(Assignment): For every line in the data below that contains "Vista", copy the line.

(Input):
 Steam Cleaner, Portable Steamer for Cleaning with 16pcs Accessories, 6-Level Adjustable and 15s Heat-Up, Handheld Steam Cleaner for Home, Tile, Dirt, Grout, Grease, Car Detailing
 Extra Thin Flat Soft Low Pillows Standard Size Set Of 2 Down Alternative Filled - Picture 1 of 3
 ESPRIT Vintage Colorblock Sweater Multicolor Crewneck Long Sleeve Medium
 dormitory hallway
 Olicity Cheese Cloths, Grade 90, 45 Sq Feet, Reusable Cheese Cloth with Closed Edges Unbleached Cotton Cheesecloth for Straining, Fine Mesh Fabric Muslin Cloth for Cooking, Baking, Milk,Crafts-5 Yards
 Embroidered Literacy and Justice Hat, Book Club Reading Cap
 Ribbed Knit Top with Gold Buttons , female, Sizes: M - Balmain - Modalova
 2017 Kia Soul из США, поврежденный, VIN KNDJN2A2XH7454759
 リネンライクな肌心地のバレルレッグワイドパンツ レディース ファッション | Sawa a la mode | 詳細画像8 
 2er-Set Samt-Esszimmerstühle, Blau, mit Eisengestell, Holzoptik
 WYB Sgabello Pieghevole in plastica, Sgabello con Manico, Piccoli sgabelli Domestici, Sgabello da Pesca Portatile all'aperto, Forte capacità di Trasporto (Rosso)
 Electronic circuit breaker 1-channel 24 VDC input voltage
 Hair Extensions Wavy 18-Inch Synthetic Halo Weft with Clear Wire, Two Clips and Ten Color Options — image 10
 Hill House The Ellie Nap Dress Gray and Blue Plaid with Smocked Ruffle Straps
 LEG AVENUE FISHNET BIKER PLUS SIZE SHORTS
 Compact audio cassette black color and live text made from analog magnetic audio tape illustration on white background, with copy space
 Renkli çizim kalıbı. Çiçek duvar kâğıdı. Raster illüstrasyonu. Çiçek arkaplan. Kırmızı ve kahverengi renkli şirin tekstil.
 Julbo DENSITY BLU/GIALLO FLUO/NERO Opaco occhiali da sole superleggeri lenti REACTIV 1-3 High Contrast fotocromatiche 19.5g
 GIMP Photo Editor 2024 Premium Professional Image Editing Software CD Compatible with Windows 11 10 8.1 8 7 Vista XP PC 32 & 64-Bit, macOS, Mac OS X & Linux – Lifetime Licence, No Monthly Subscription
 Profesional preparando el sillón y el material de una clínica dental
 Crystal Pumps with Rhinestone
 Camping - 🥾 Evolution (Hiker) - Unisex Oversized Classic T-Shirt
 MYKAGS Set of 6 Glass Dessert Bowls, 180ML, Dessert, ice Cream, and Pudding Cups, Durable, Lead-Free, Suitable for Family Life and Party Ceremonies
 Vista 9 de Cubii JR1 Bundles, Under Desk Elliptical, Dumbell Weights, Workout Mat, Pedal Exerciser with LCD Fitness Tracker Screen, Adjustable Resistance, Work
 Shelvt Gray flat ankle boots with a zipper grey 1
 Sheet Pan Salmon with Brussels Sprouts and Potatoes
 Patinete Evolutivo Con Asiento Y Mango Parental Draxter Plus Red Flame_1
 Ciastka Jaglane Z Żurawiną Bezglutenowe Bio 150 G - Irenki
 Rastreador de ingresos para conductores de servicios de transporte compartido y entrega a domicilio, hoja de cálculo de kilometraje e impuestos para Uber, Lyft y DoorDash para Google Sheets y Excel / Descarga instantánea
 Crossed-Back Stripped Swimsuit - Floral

(Answer box):
 GIMP Photo Editor 2024 Premium Professional Image Editing Software CD Compatible with Windows 11 10 8.1 8 7 Vista XP PC 32 & 64-Bit, macOS, Mac OS X & Linux – Lifetime Licence, No Monthly Subscription
 Vista 9 de Cubii JR1 Bundles, Under Desk Elliptical, Dumbell Weights, Workout Mat, Pedal Exerciser with LCD Fitness Tracker Screen, Adjustable Resistance, Work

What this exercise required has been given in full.